Azure Pipelines Graph Mode

img

Introduction#

The Azure Pipelines is a CI/CD module of the Azure Devops platform. Through this module, it is possible to create automation routines with various tasks that are available on Azure's marketplace. Currently, the integration with Conviso consists of Bash-type tasks. Among the tasks are: the FlowCLI command line interface (FlowCLI available at PyPi), running SAST, running deploy for code review, and also the two actions together.

Requirements#

In order for the experience with Conviso's services to be complete, it is necessary to meet all the requirements below:

  1. Hosted Agent Pool (Ubuntu 18.04 or higher) with Docker installed or Agent Cloud Azure;

  2. External access (may be limited to Conviso's registry for SAST, Dockerhub and Conviso Platform).

First Steps#

Given an Azure Devops project, to create a Welcome Pipeline you can follow the steps below:

  1. At the DevOps Project root, click at "Pipelines";

  2. At the upper right menu, click at "New Pipeline";

  3. Select the "Use the classic editor to create a pipeline without YAML" option;

  4. At "Select your Repository" step, select the platform where your code is hosted, the ropository and the branch for pipeline execution and click at "Continue";

  5. Select the "Start with an Empty Job" option;

  6. Rename the "Agent Job 1" to Conviso Agent, selecting Agent Pool option as "Azure Pipelines" and Agent Specification option as "ubuntu-18-04";

  7. At Conviso Agent, click at the "+" icon to add a new task;

  8. Add a "Bash" type task, rename the Display Name to "Install Conviso FlowCLI" and modify its type to "Inline";

  9. At the script field, add the code snippet presented below:

echo "Installing Conviso FlowCLI..."
sudo pip3 install conviso-flowcli
flow --version
  1. Click at "Save & Queue". The pipeline execution will begin in a few moments.

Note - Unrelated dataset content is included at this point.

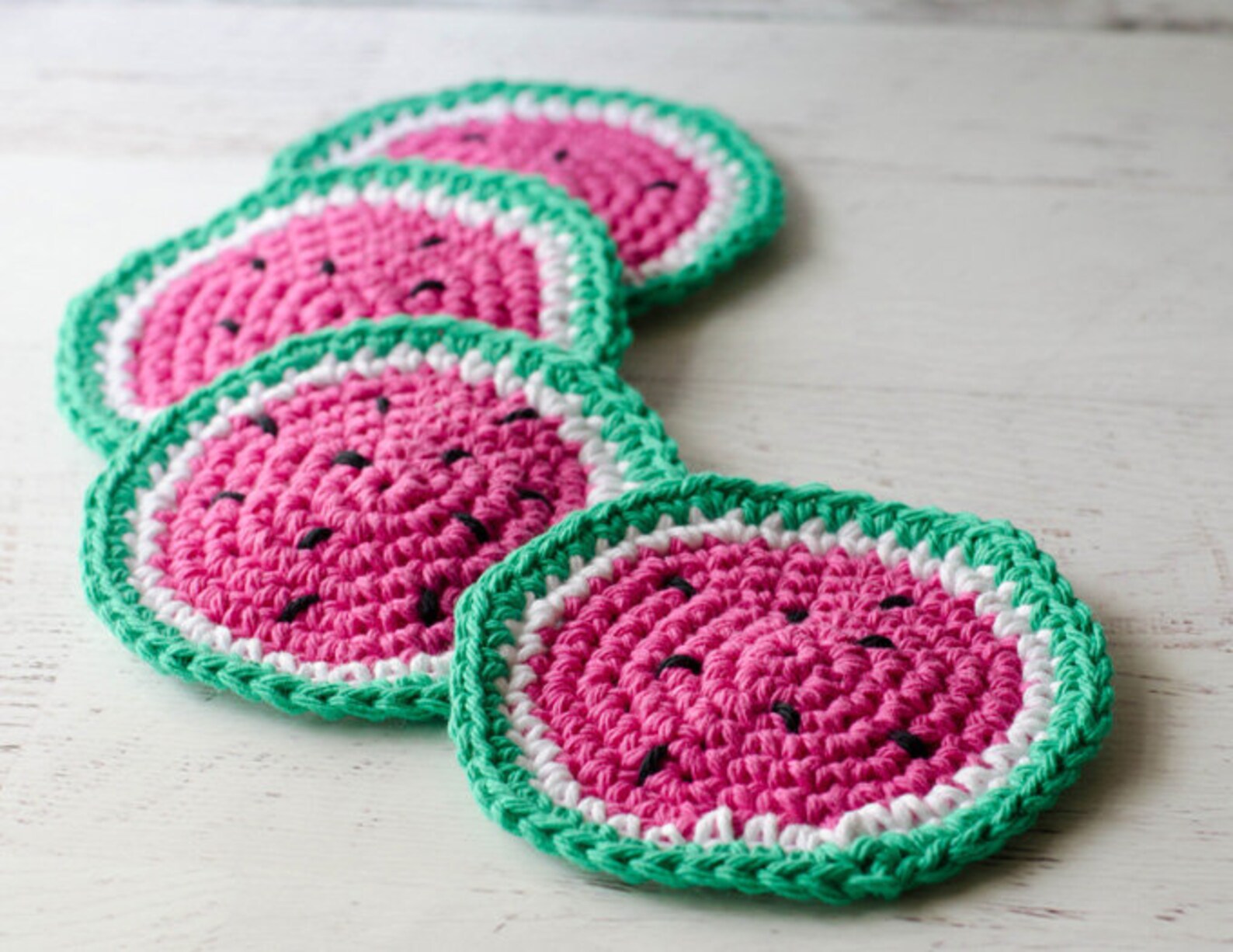 Crochet Watermelon Coasters Pattern Crochet Coasters Pattern Etsy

In this first block of "Bash" task, we carry out the installation of the tool and check if everything is fine. Then, we'll define how other blocks will be after further actions.

Code Review Deployment#

Before proceeding, we recommend reading the following guide to understand the different strategies/approaches for deploying Code Review.

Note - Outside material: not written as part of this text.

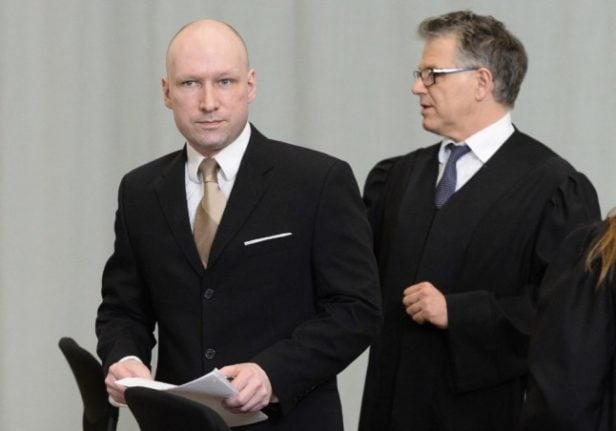 Anders Behring Breivik in court. 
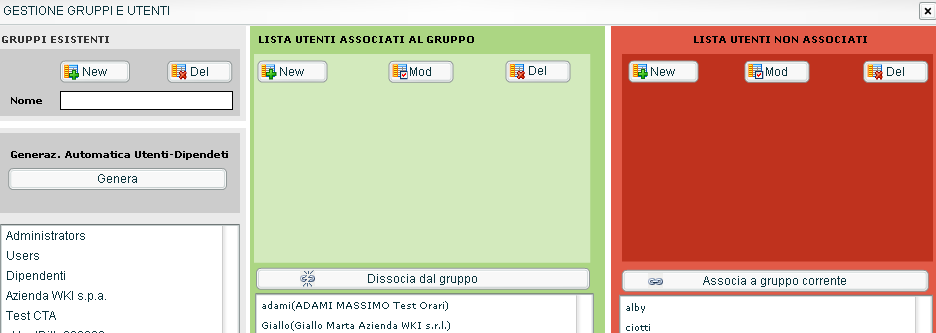 Tramite il Pulsante Utenti Gruppi si accede alla Gestione Gruppi Utenti dal quale è possibile creare e/o modificare Gruppi di utenti.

After choosing the strategy used to send deploys to Code Review, it is possible to create a specific pipeline for this action, as well as integrate with other existing pipelines. The requirements for executing this functionality are the settings of the FLOW_API_KEY variables previously configured in the desired pipeline variables and the FLOW_PROJECT_CODE variable (identified as the analysis key in Conviso Platform) that can be defined in each of the pipelines.

Below are the code snippets that must be inserted in the blocks for each type of strategy:

With TAGS, timestamp sorted

flow -k $(FLOW_API_KEY) deploy create with tag-tracker sort-by time --project-code $(FLOW_PROJECT_CODE)

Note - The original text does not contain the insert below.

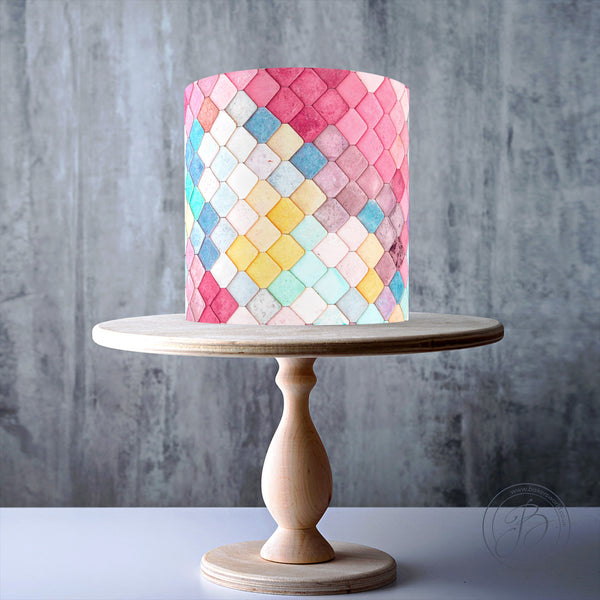 Colourful Tiles Pattern edible cake topper decoration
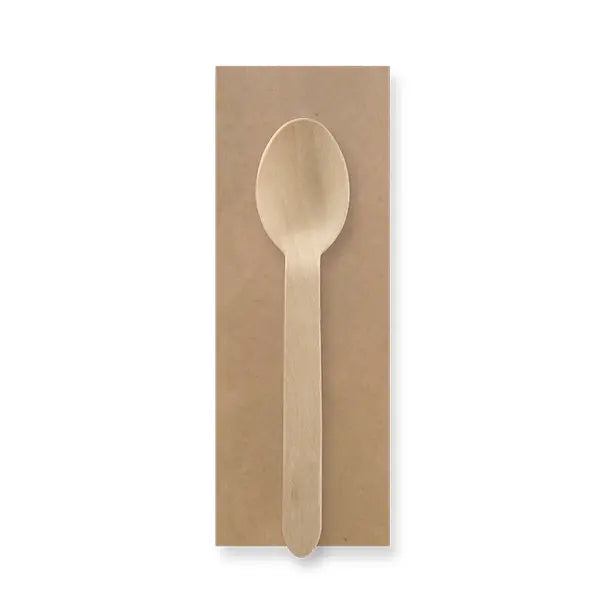 disposable wooden spoon and napkin set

With TAGS, versioning-style sorted

flow -k $(FLOW_API_KEY) deploy create with tag-tracker sort-by versioning-style --project-code $(FLOW_PROJECT_CODE)

Without TAGS, GIT tree sorted

flow -k $(FLOW_API_KEY) deploy create with values --project-code $(FLOW_PROJECT_CODE)

SAST#

In addition to deploying for code review, it is also possible to integrate a SAST-type scan into the development pipeline, which will automatically perform a scan for potential vulnerabilities, treated in Conviso Platform as findings.

The requirements for running the job are the same as already practiced: FLOW_API_KEY and FLOW_PROJECT_CODE defined as environment variables for the Agent Pool.

flow sast run --project-code $(FLOW_PROJECT_CODE)

In the above pipeline, we didn't use any options to the flow sast run command. In this case, the default behavior is to perform the analysis of the entire repository. This is because the default values used for the --start-commit and --end-commit options use first commit and current commit (HEAD), respectively.

Alternatively, we can specify the diff range manually. In the example below, we scan between the current commit and the immediately previous one on the current branch:

flow sast run --start_commit `git rev-parse @~1` --end-commit $(Build.SourceVersion) --project-code $(FLOW_PROJECT_CODE)

Getting everything together: Code Review + SAST Deployment#

The SAST analysis can be complementary to the code review carried out by the professional at Conviso, even serving as input for the analyst. The job below will perform the deploy for code review of the code and will use the same diff identifiers to perform the SAST analysis, forming a complete solution in the pipeline. An example of a complete pipeline with both solutions can be seen in the snippet below:

flow -k $(FLOW_API_KEY) deploy create -f env_vars with values > created_deploy_vars
source created_deploy_vars
flow -k $(FLOW_API_KEY) sast run --project-code $(FLOW_PROJECT_CODE)

Troubleshooting#

If authentication is not performed even when loading the FLOW_API_KEY variable, make sure it is provided as environment variables for all tasks that use the FlowCLI.